Membaca Arah Energi Hijau dari Eksperimen Jadi Kebiasaan Baru
Target Melonjak
Area Manager Communication, Relations, and Corporate Social Responsibility (CSR) PT Pertamina Patra Niaga Jawa Bagian Tengah, Taufiq Kurniawan, mengungkapkan bahwa antusiasme masyarakat terhadap Pertamax Green tumbuh pesat dalam waktu singkat.
“Konsumsi Pertamax Green di Jateng dan DIY tercatat meningkat signifikan, mencapai 336 persen dari target tahun 2025 sebesar 512 kiloliter.
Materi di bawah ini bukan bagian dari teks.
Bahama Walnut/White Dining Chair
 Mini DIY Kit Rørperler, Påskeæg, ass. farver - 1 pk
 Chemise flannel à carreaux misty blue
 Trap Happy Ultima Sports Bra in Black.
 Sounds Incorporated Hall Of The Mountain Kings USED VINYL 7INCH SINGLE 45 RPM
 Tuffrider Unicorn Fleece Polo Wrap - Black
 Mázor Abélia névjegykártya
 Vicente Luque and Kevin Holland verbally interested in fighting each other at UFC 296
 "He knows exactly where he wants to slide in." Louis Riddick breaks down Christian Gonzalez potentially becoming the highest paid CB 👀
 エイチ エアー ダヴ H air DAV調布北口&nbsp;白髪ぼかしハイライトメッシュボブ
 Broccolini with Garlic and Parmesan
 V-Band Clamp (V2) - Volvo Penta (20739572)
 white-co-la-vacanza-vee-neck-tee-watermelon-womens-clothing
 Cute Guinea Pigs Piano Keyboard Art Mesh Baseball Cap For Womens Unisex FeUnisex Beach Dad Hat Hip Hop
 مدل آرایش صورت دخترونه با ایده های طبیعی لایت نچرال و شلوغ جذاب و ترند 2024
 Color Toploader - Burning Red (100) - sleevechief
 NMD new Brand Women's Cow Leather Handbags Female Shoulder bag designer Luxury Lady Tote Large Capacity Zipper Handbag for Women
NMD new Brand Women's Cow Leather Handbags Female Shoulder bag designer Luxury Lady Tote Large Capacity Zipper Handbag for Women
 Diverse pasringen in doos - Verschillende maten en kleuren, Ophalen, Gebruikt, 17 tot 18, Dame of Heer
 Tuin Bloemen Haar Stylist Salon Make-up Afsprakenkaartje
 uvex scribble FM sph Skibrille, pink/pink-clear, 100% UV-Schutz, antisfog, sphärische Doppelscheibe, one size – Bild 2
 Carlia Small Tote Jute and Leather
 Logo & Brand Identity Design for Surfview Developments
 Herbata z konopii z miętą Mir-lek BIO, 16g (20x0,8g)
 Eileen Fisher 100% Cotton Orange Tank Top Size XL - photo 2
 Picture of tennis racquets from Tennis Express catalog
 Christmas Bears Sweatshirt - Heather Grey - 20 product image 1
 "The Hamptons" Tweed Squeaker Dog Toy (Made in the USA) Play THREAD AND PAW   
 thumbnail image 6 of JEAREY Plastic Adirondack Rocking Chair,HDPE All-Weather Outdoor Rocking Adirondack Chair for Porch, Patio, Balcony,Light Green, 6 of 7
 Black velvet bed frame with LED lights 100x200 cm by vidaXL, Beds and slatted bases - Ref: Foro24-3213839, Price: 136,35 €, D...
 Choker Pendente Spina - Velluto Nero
Saat ini outletnya tersebar di 15 SPBU se-Jateng dan DIY, Dan jumlah ini akan terus bertambah nanti hingga tahun 2026, karena permintaannya meningkat,” imbuhnya.
Menurutnya, pertumbuhan itu bukan semata hasil promosi, melainkan juga pengalaman langsung para pengguna yang merasakan manfaatnya. “Selain sosialisasi, customer experience itu penting. Banyak yang menyampaikan pengalaman berkendara dengan Pertamax Green terasa lebih irit,” imbuhnya.
Yang menarik, lanjut Taufiq, sebagian besar konsumen awal justru berasal dari kalangan pengemudi ojek online. Mereka adalah kelompok masyarakat yang sangat menghitung efisiensi biaya bahan bakar.
“Para pengemudi ojek ini setiap hari memutar roda ekonomi. Karena merasakan perbedaan konsumsi bahan bakar yang lebih hemat, akhirnya mereka beralih ke Pertamax Green. Efek domino-nya, konsumen lain ikut mengikuti,” ujarnya.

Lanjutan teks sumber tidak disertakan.